TASK TO COMPLETE ->
For the records below, copy exactly the span that begins at the line containing "Load image into" and stops after the line containing "Official promotional flyer", minus any pictures.

PROVIDED DATA ->
BEGIN
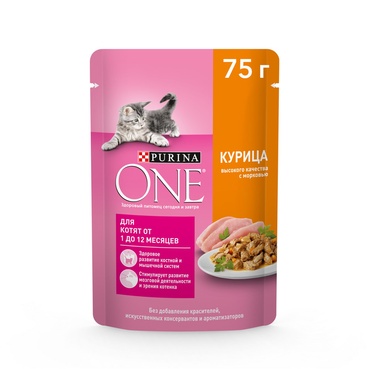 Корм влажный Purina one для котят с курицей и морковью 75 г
END
BEGIN
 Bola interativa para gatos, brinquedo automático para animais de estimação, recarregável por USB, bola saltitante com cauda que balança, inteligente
END
BEGIN
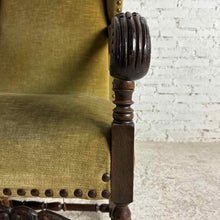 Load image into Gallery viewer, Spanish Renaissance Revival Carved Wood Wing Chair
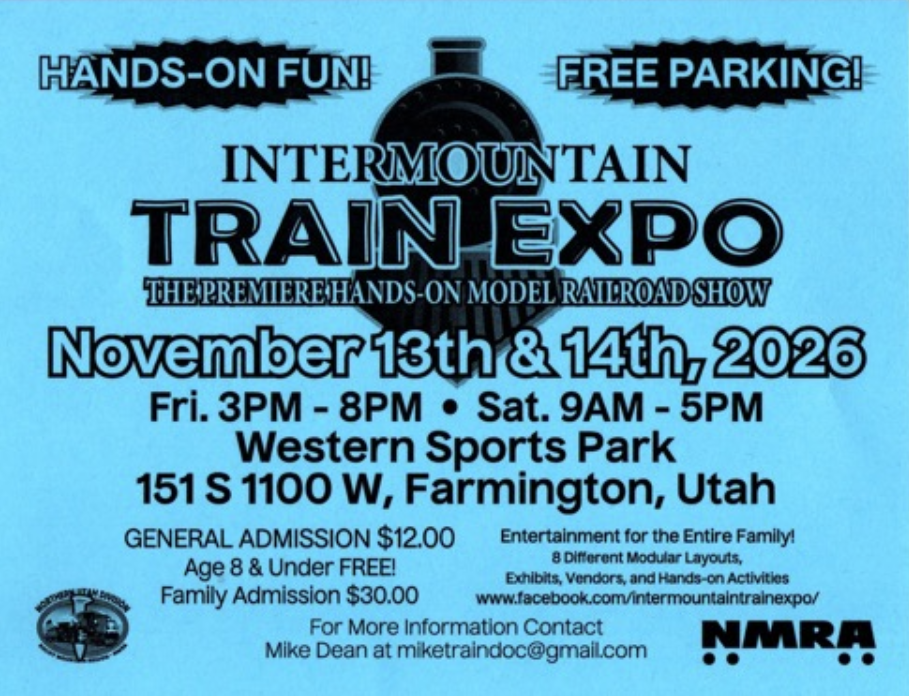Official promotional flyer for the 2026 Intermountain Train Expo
END
RESPONSE AREA ->
 Load image into Gallery viewer, Spanish Renaissance Revival Carved Wood Wing Chair
Official promotional flyer for the 2026 Intermountain Train Expo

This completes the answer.